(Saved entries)
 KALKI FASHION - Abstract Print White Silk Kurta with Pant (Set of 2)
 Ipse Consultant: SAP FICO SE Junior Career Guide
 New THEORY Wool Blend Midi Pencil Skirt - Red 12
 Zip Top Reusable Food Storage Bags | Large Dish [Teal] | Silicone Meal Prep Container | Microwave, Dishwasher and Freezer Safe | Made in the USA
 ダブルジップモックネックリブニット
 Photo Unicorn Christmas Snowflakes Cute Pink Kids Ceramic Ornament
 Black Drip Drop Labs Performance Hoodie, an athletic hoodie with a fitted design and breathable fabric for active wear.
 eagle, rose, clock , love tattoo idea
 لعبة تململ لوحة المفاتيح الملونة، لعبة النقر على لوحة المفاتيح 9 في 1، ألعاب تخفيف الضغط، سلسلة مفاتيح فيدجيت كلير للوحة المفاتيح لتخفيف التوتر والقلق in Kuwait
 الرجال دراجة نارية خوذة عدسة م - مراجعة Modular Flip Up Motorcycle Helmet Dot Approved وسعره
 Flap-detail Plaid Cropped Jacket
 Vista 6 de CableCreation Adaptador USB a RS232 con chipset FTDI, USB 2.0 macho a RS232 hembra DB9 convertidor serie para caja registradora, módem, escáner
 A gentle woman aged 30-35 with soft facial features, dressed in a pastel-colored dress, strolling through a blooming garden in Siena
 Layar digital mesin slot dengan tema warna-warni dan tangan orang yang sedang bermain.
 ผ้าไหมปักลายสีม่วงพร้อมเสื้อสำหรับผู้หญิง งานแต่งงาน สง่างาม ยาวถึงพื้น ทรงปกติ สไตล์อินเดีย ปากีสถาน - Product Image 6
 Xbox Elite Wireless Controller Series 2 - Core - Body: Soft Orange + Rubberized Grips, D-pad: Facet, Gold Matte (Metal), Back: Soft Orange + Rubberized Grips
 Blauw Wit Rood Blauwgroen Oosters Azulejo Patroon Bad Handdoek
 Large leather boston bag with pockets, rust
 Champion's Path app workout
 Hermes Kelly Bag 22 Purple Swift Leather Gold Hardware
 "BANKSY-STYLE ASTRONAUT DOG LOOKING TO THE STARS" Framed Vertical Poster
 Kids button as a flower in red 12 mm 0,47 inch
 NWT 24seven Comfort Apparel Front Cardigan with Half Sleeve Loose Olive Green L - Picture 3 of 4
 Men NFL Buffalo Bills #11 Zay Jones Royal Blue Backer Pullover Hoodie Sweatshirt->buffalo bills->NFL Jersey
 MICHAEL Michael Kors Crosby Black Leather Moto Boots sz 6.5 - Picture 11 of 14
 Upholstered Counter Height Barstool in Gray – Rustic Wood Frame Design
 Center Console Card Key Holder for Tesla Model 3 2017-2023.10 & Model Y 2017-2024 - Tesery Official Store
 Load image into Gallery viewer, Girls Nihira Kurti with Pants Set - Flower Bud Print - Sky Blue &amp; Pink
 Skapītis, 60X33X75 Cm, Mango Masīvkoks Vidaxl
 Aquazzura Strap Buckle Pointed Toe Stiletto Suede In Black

◆ **Exercise instructions**:
Write the "Center Console Card" line and all later lines exactly. Stop at the end of the data.

◆ **Finished exercise**:
 Center Console Card Key Holder for Tesla Model 3 2017-2023.10 & Model Y 2017-2024 - Tesery Official Store
 Load image into Gallery viewer, Girls Nihira Kurti with Pants Set - Flower Bud Print - Sky Blue &amp; Pink
 Skapītis, 60X33X75 Cm, Mango Masīvkoks Vidaxl
 Aquazzura Strap Buckle Pointed Toe Stiletto Suede In Black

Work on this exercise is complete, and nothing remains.